Early years and education 
Fossum was born and raised in Simsbury, Connecticut and attended public school there.  He also spent Saturdays at the Talcott Mountain Science Center in Avon, CT, which he credits for his lifelong interest in science, engineering and mentoring students. He received his B.S. in engineering from Trinity College in 1979, and his  Ph.D. in electrical engineering from Yale University in 1984.

Academic career 
Eric R. Fossum was a member of the Electrical Engineering faculty at Columbia University from 1984 to 1990. At Columbia University, he and his students performed research on CCD focal-plane image processing and high speed III-V CCDs. In 1990, Dr. Fossum joined the NASA Jet Propulsion Laboratory, California Institute of Technology and managed JPL’s image sensor and focal-plane technology research and advanced development.

In 2007 he sponsored, in part, the Trinity College Fire-Fighting Robot Contest, aimed at increasing innovation and invention in the world of robotics.

He joined the Thayer School of Engineering at Dartmouth in 2010 where he teaches, performs research on the Quanta Image Sensor with his graduate students, and coordinates the  Ph.D. Innovation Program. He also serves as Vice Provost for Entrepreneurship and Technology Transfer.

Invention
While Fossum was at NASA's Jet Propulsion Laboratory (JPL), then-NASA Administrator Daniel Goldin invoked a plan of "Faster, Better, Cheaper" for NASA Space Science missions.  One of the instrument goals was to miniaturize charge-coupled device (CCD) camera systems onboard interplanetary spacecraft. In response, throughout the early 1990s, Fossum, Sunetra Mendis and Sabrina E Kemeny, developed a new CMOS active-pixel sensor (APS) with intra-pixel charge transfer camera-on-a-chip technology.

He developed a CMOS sensor with his team at JPL in 1993. The same year, he published an extensive paper broadly defining the active-pixel sensor (APS) and giving a historical overview of the technology [reference needed]. He largely credits the invention of APS technology to the Japanese companies Olympus and Toshiba during the mid-to-late 1980s, noting the former developed the vertical APS structure with NMOS transistors and the latter developed the lateral APS structure with PMOS transistors. His team at JPL were the first to fabricate a practical APS outside of Japan, while making several key improvements to APS technology. The JPL sensor used a lateral APS structure similar to the Toshiba sensor, but was fabricated with CMOS (complementary metal-oxide-semiconductor) transistors rather than PMOS transistors.

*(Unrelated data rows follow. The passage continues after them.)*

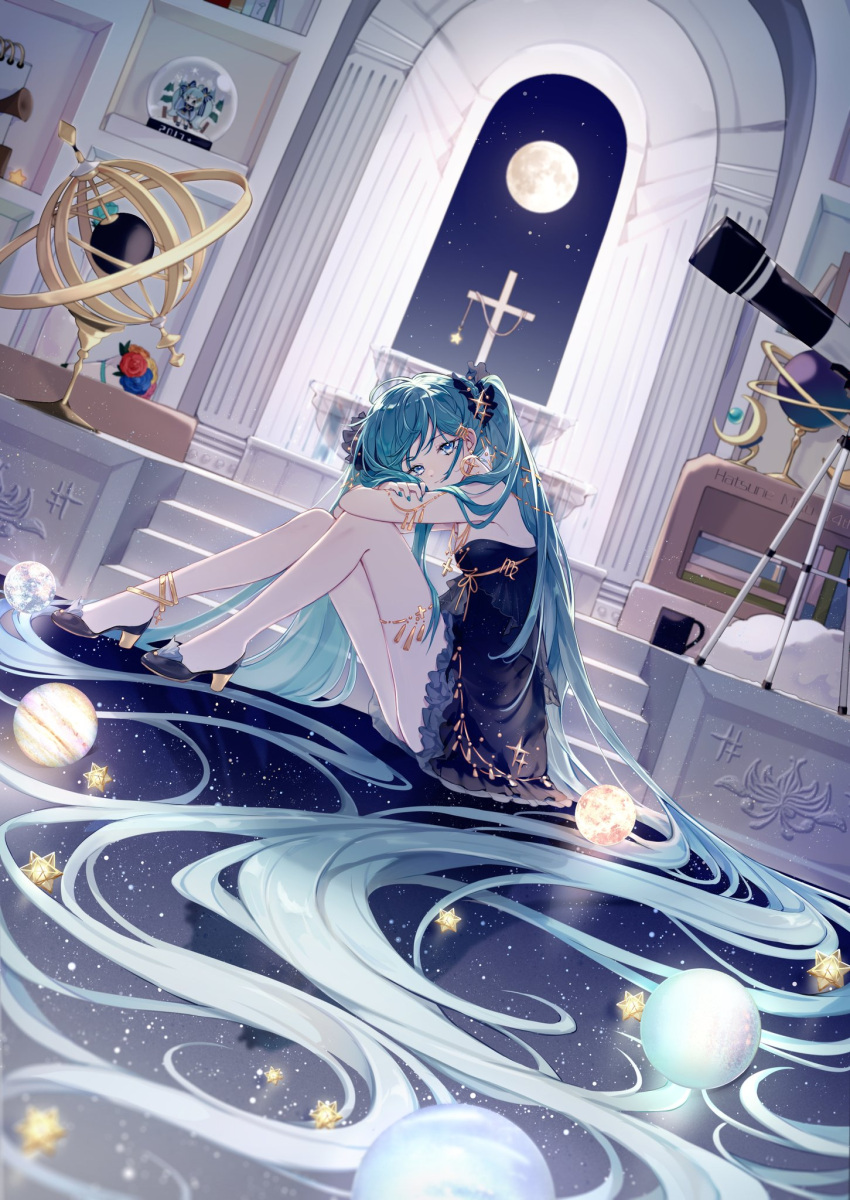1girl aqua_eyes aqua_hair arch black_ribbon blue_dress book book_stack bouquet chain crescent crescent_earrings cross cross_necklace cup dress earrings flower gold_chain green_nails gyroscope hair_ornament hair_ribbon hatsune_miku high_heels highres jewelry jupiter_(planet) long_hair looking_at_viewer moon moon_(ornament) mug nail_polish necklace nishina_hima on_floor planet ribbon rose sitting sky snow_globe solo stairs star_(sky) star_(symbol) starry_sky telescope twintails very_long_hair vocaloid window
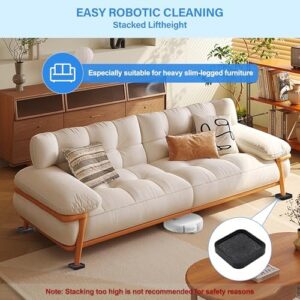 MinBoo Furniture Risers Solid Bamboo Bed Riser Double Sided Non-Slip Anti Tipping Square Stackable Adjustable Block Desk Sofa Chair Legs Refrigerator Washing Machine Support up to 5000 pounds 4 Pack - Image 4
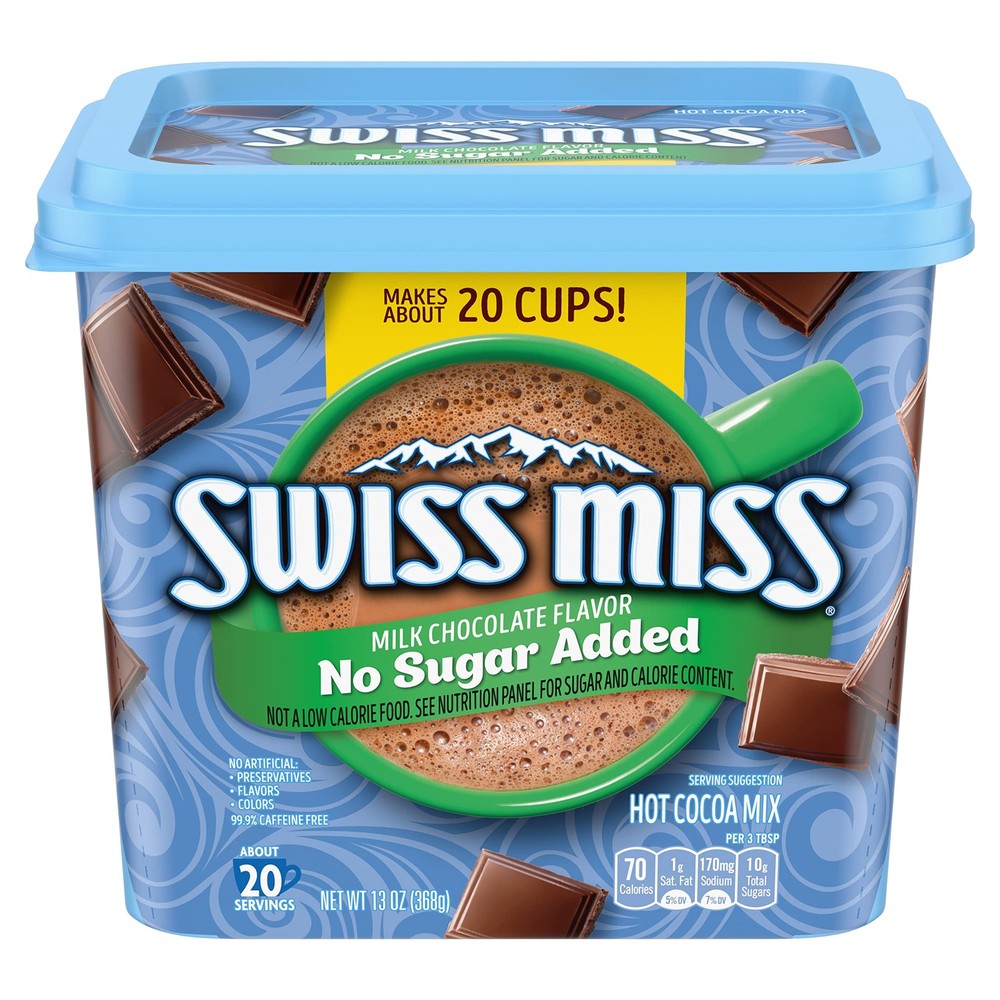 Swiss Miss Milk Chocolate Flavored No Sugar Added Hot Cocoa 13 oz., brown
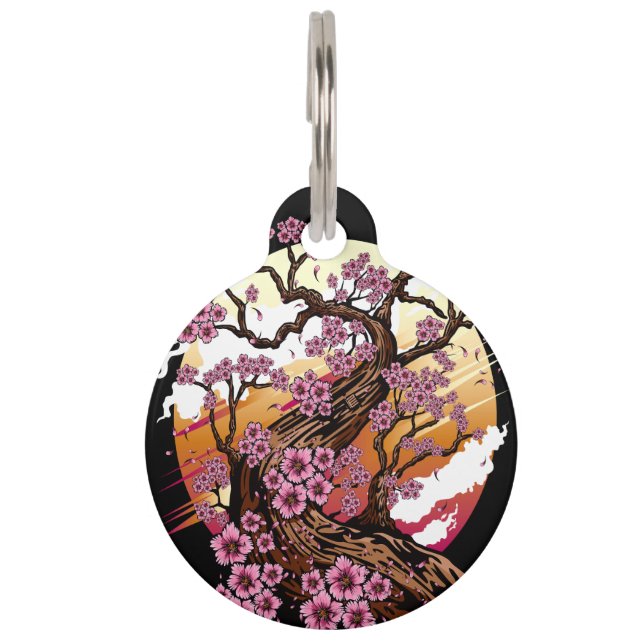 Médaillon Pour Animaux Fleur de cerisier sauvage (Devant)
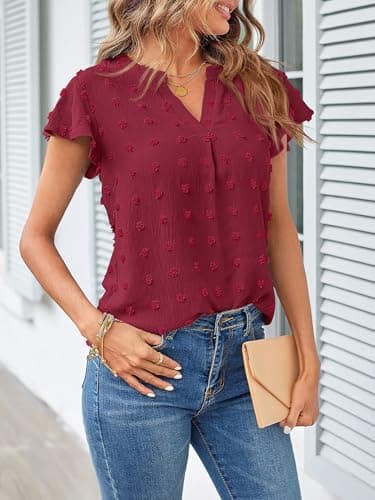 MEROKEETY Women Short Sleeve Notched V Neck Blouse Summer Casual Swiss Dot Boho Solid Top WineRed Large - Image 7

This made JPL's APS device the first CMOS sensor with intra-pixel charge transfer.

In 1994, Fossum proposed an improvement to the CMOS sensor: the integration of the pinned photodiode (PPD). A CMOS sensor with PPD technology was first fabricated in 1995 by a joint JPL and Kodak team that included Fossum along with P.P.K. Lee, R.C. Gee, R.M. Guidash and T.H. Lee. Further refinements to the CMOS sensor with PPD technology between 1997 and 2003 led to CMOS sensors achieve imaging performance on par with CCD sensors, and later exceeding CCD sensors.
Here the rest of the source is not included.